Why Proper Surface Preparation is Important to Ensure a Strong Adhesive Bond
August 1, 2016
Adhesives can be seriously strong. They’re used in the manufacture of anything from airplanes, automobiles and massive machinery to baby products, golf clubs and mobile phones. These are demanding applications. But if you’re hoping to achieve optimal performance, there’s a job that must be completed before an adhesive is applied: surface preparation.
The Importance of Surface Energy
To ensure a strong bond, the surface you’re applying an adhesive to is equally as important as the adhesive itself. Surface energy is the main measurement that you need to understand. An adhesive’s surface energy needs to be lower than that of the surface you’re applying it to in order for it to work correctly.
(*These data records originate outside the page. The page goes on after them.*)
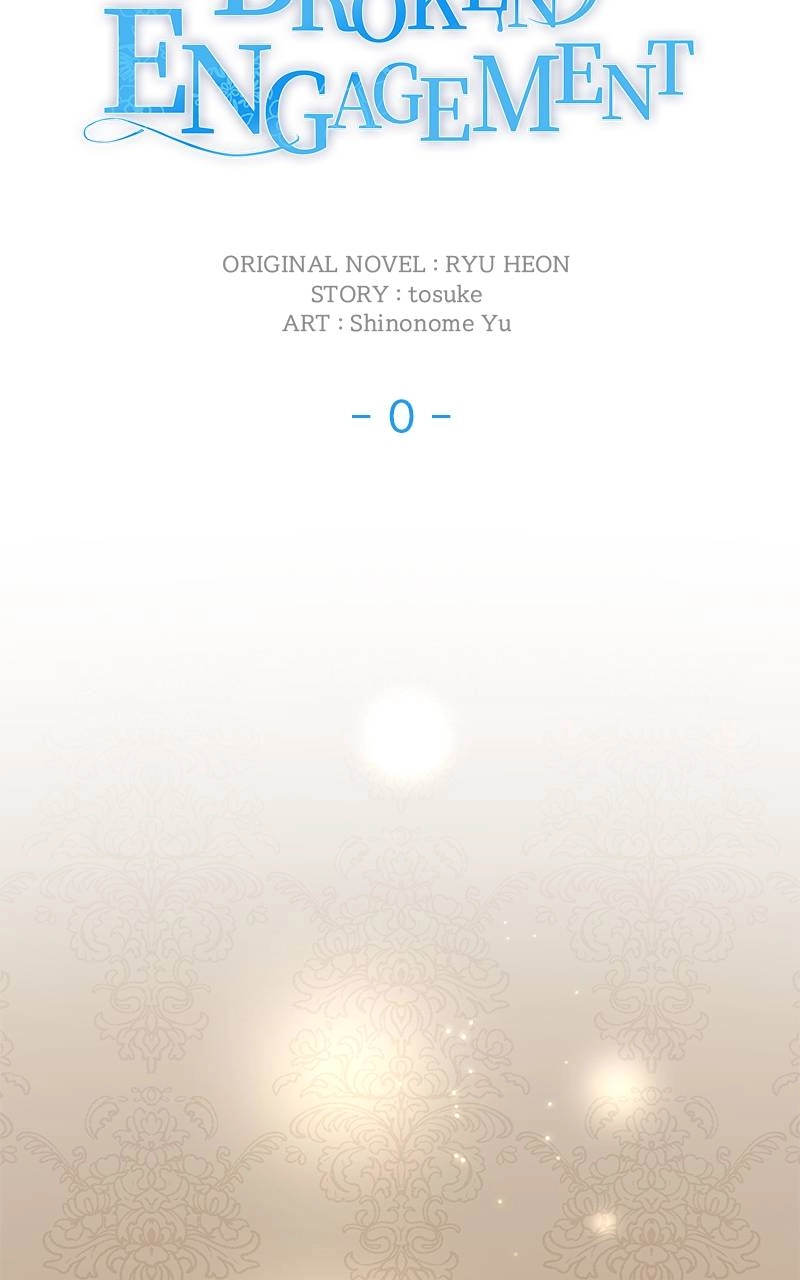 Broken Engagement Chapter 0 Page 27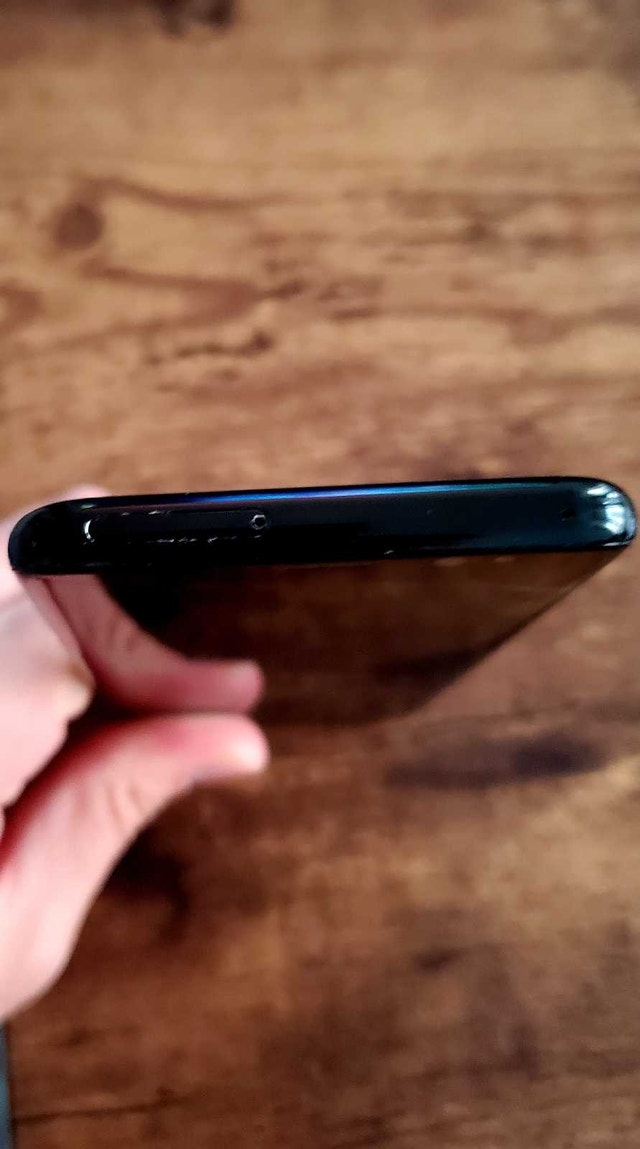 Samsung Galaxy S8 - photo 5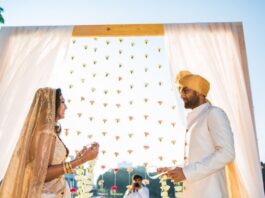 Which trends rule Indian weddings currently? trend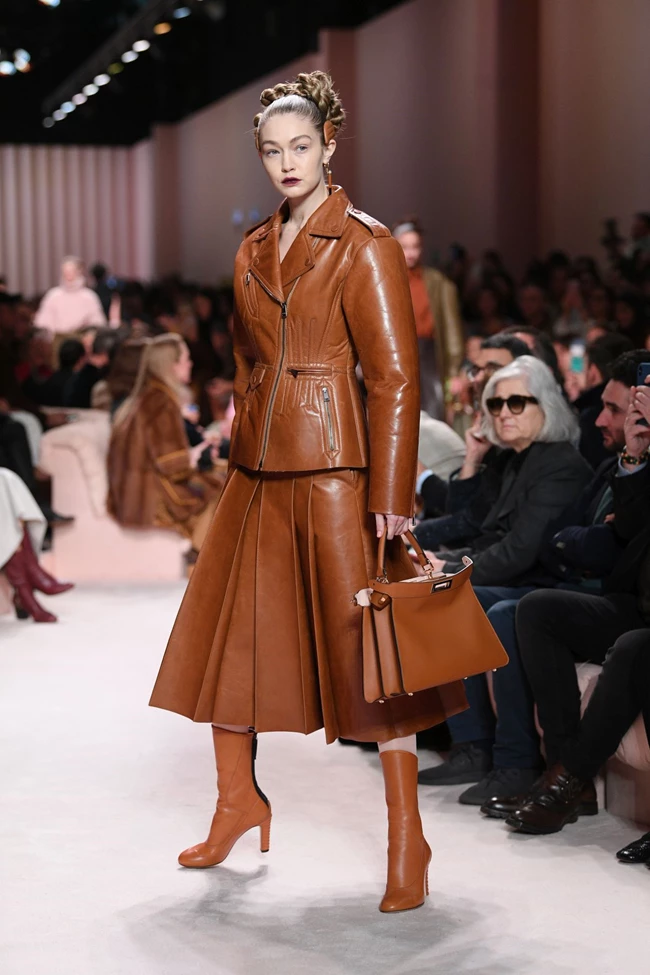 Fendi FW20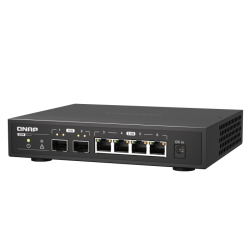 QNAP QSW-2104-2S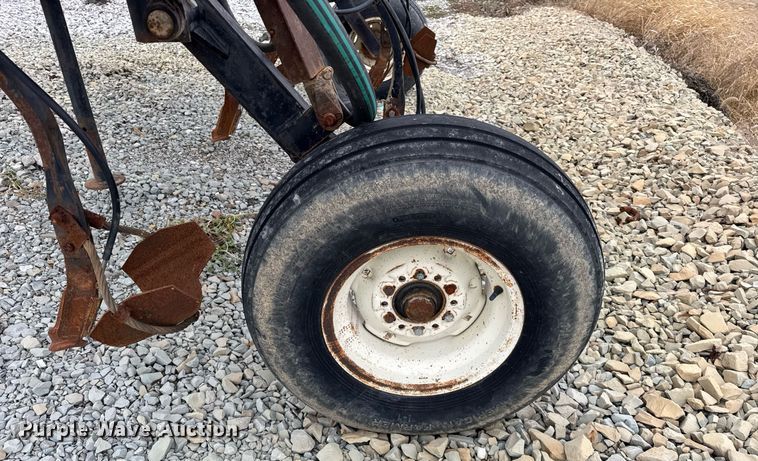 image for item DH9246 DMI  Nutriplacr 3250 NH3 applicator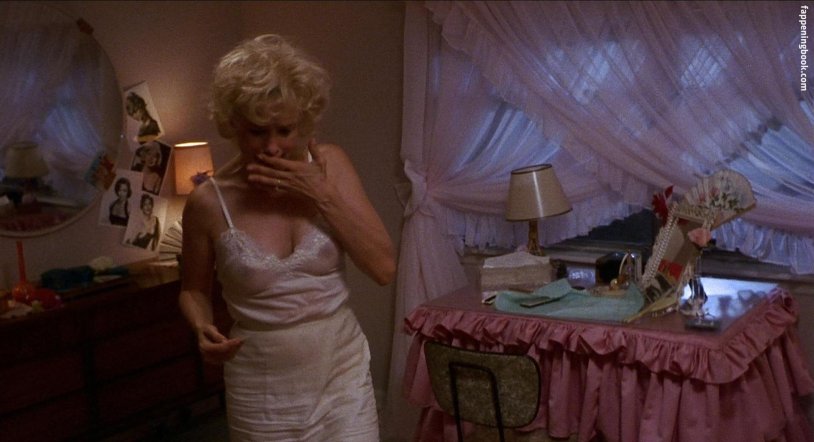 Blue Sky (1994) Jessica Lange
Think of water on the hood of a car: a waxed hood has a lower surface energy than water, so the water beads up and rolls off the hood. An unwaxed hood has a higher surface energy, so the water “wets out” on the hood and completely covers it.
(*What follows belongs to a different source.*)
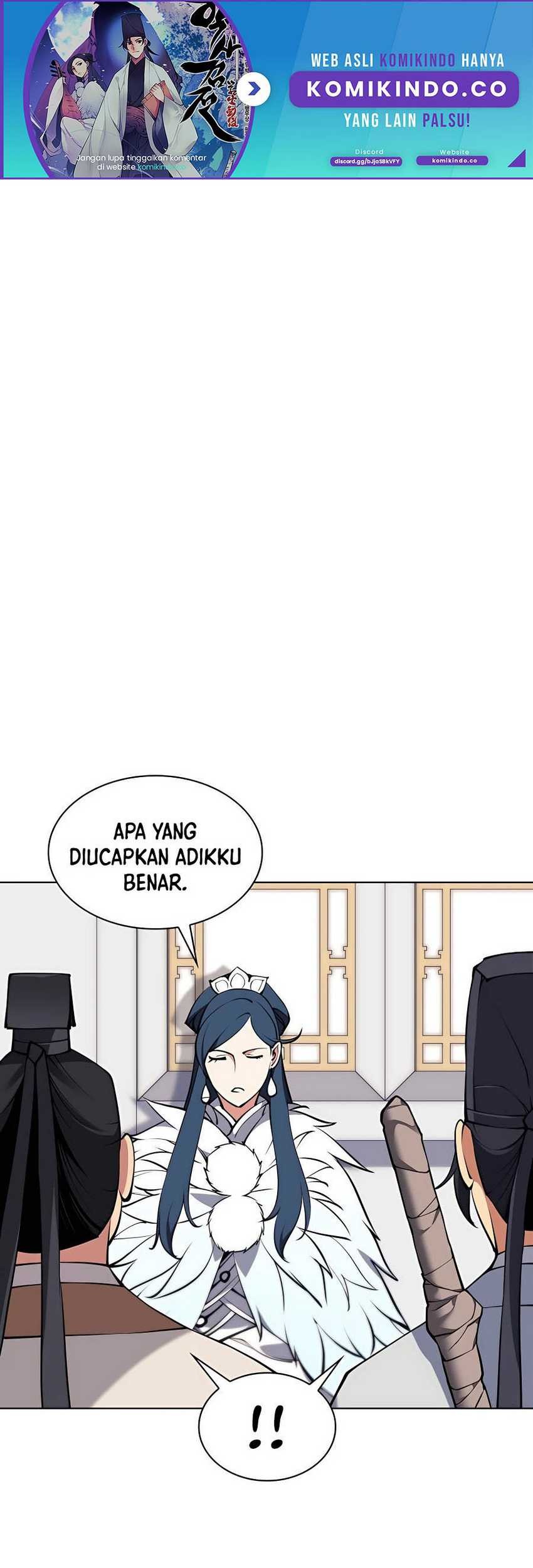 Baca Records Of The Swordsman Scholar Chapter 101 Gambar 2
With adhesives, “wetting out” creates a strong bond because the adhesive is able to spread across the entire substrate to create a larger contact area.
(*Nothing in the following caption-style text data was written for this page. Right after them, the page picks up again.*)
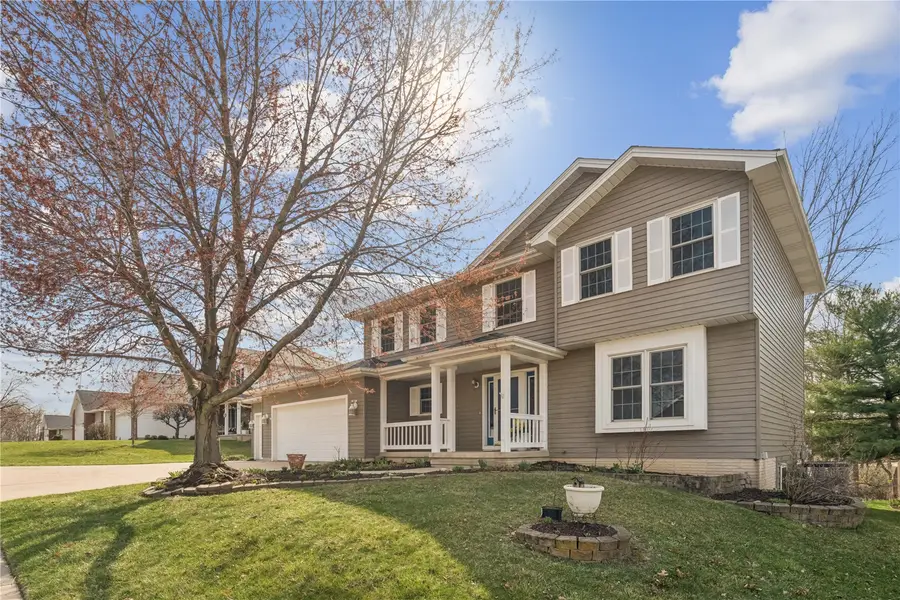 4105 Majestic Court Ne, Cedar Rapids, IA 52411 - #2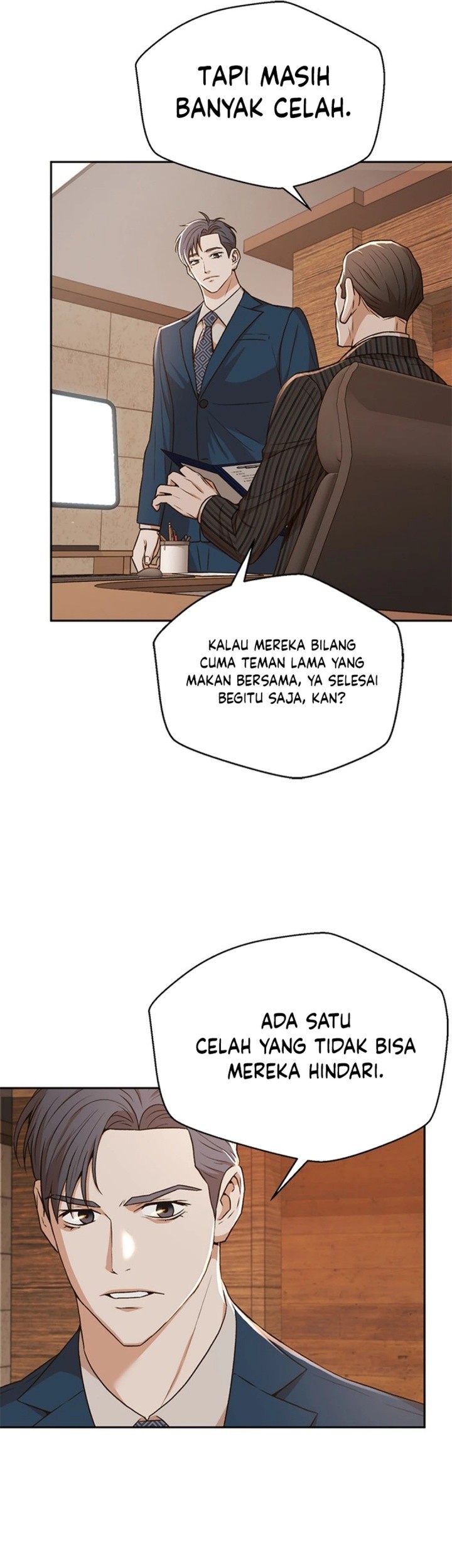 Judge Lee Han Young Chapter 44 Gambar 65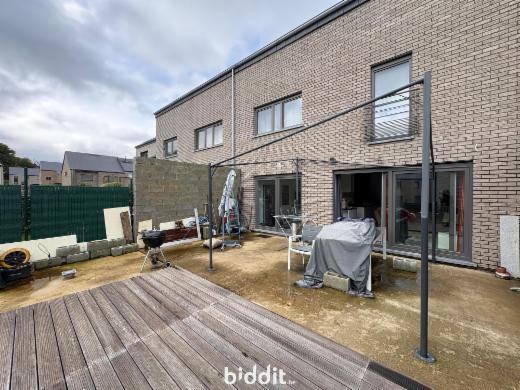 Tweede alternatieve foto van het pand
Three Ways to Increase Surface Energy
If you find that your substrate's surface energy is too low, there are ways to increase it. To start, it should be:
- Clean – If a substrate is dirty, your bond is only as strong as the adhesion of the contaminant to the part, not the adhesive to the part. Contaminants can come from machining, protecting, handling, manufacturing, facility surroundings, and even from cleaners used previously that have left a film. Just a slight oil film left behind on a substrate can reduce adhesive performance by as much as 60 percent.
- Dry – A wet surface poses the same problems as a dirty one. Moisture between an adhesive and a substrate should be treated as a contaminant and removed to ensure a strong bond.
- Rough – A surface is best when made rough. A light grit blast or sanding will increase the bond area where the adhesive interacts with the substrate because a surface with peaks and valleys has more surface area than a completely flat surface. The roughness will also provide a slight mechanical grip for the adhesive to hold onto.
Once the part is clean, dry and rough, it might still have a low surface energy. Some materials are just notoriously hard to bond. When that’s the case, primers can increase the surface energy of substrates so adhesives bond more effectively.
As with choosing a cleaner, it’s best to consult with your supplier or local sales representative to discuss the proper product selection. In addition, you can contact our team directly.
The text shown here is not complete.